Short descriptive text snippets
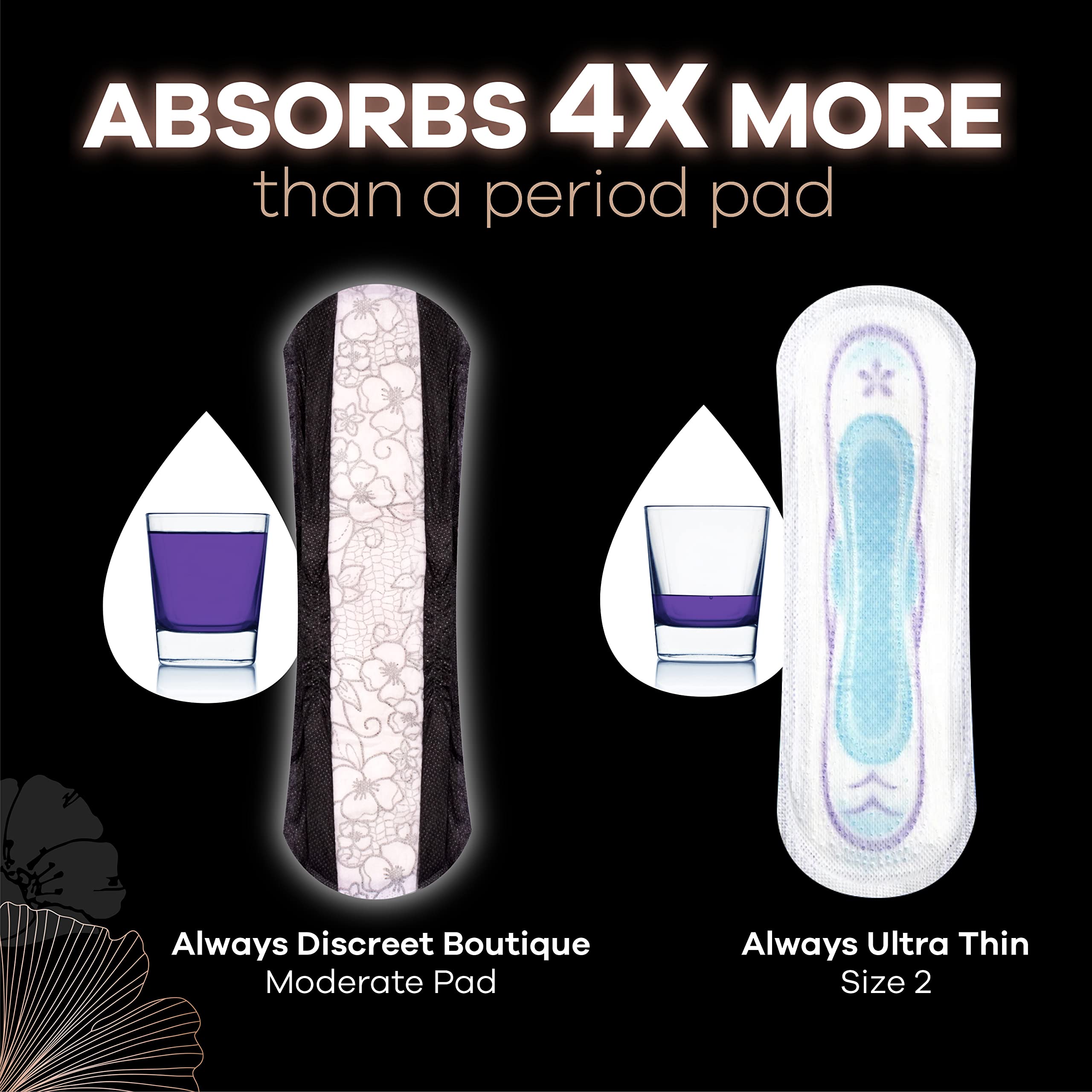 Always Discreet Boutique leakguards reduce leakage risk.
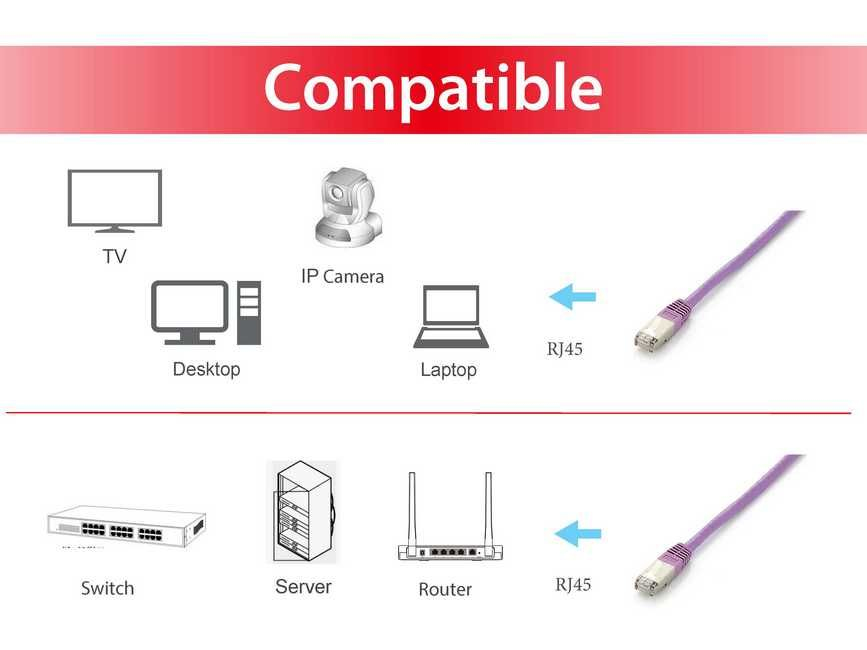 Equip 605654 netwerkkabel Paars 5 m Cat6a S/FTP (S-STP) - Afbeelding 4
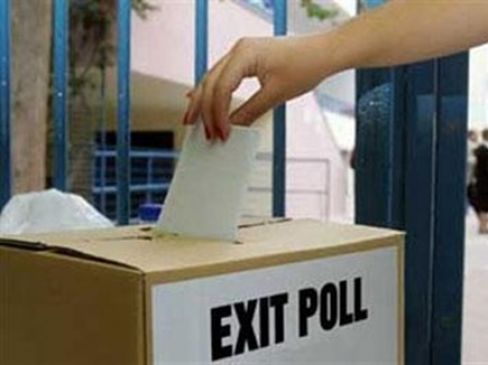 Gujarat and himachal election exit poll result why exit polls are wrong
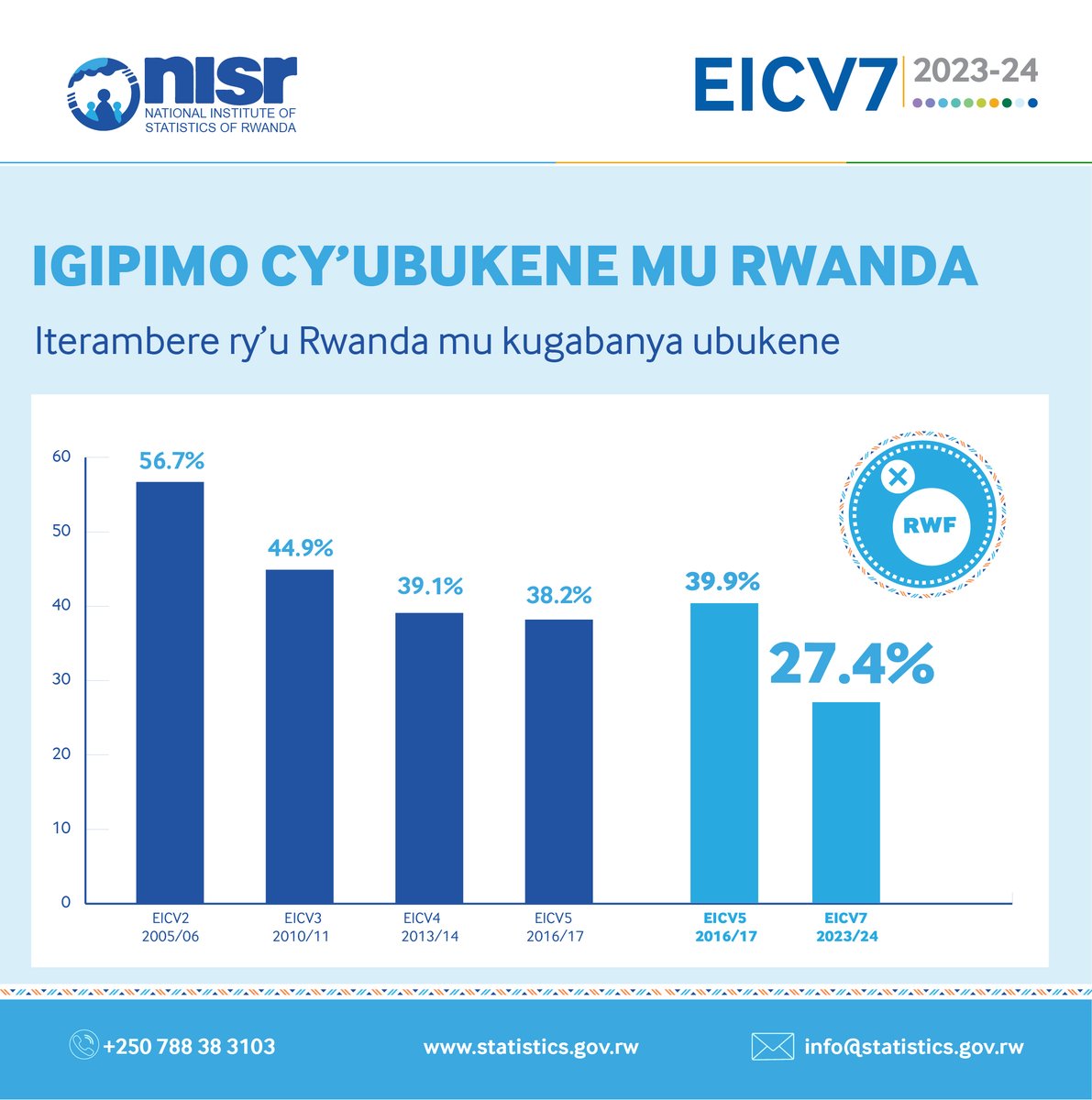 National Institute of Statistics of Rwanda tweet media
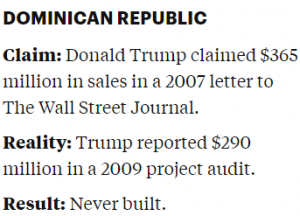 Pump and Trump: Donald's History of Deception and Fraud 52 Pump and Trump: Donald's History of Deception and Fraud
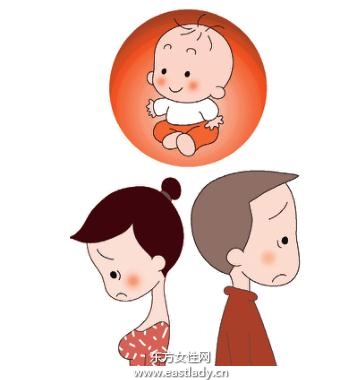 阴道环境也影响生男生女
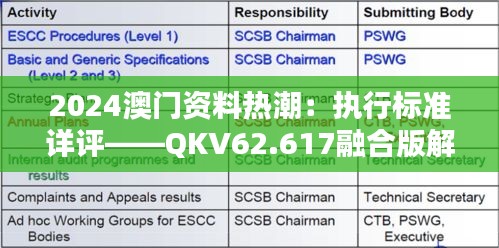 2024澳门资料热潮：执行标准详评——QKV62.617融合版解析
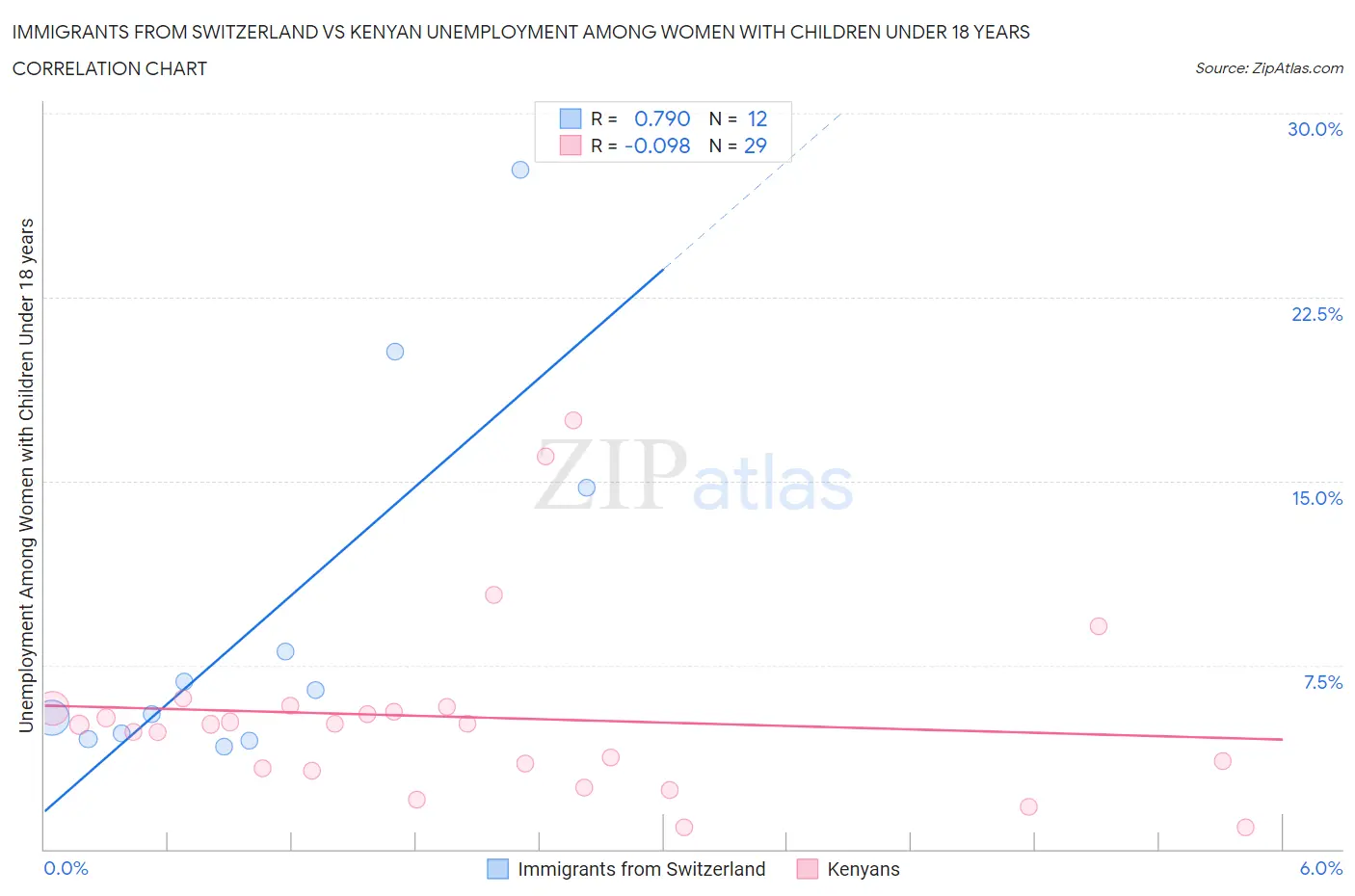 Immigrants from Switzerland vs Kenyan Unemployment Among Women with Children Under 18 years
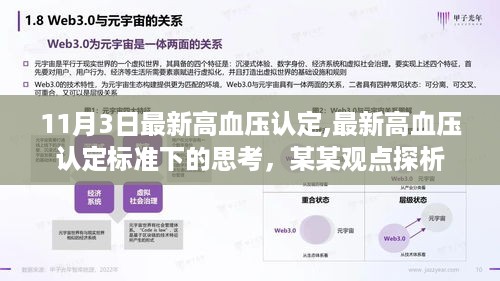 最新高血压认定标准下的思考，某某观点探析与探讨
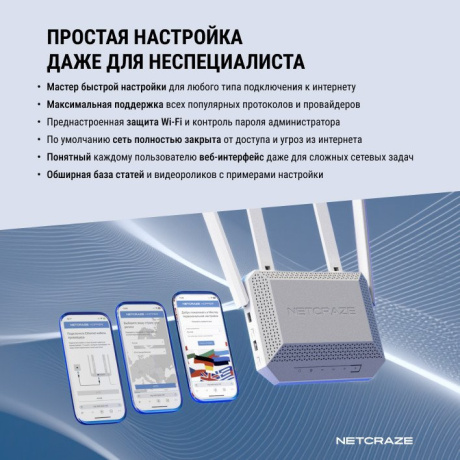 Wi-Fi роутер Netcraze Hopper DSL (NC-3611) - фото 18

**Exercise**.
Set down exactly, line for line, the data from the line that contains "2024澳门资料热潮：执行标准详评——QKV62.617融合版解析" through its last line, keeping pictures out.

**Response to this exercise**.
 2024澳门资料热潮：执行标准详评——QKV62.617融合版解析
 Immigrants from Switzerland vs Kenyan Unemployment Among Women with Children Under 18 years
 最新高血压认定标准下的思考，某某观点探析与探讨
 Wi-Fi роутер Netcraze Hopper DSL (NC-3611) - фото 18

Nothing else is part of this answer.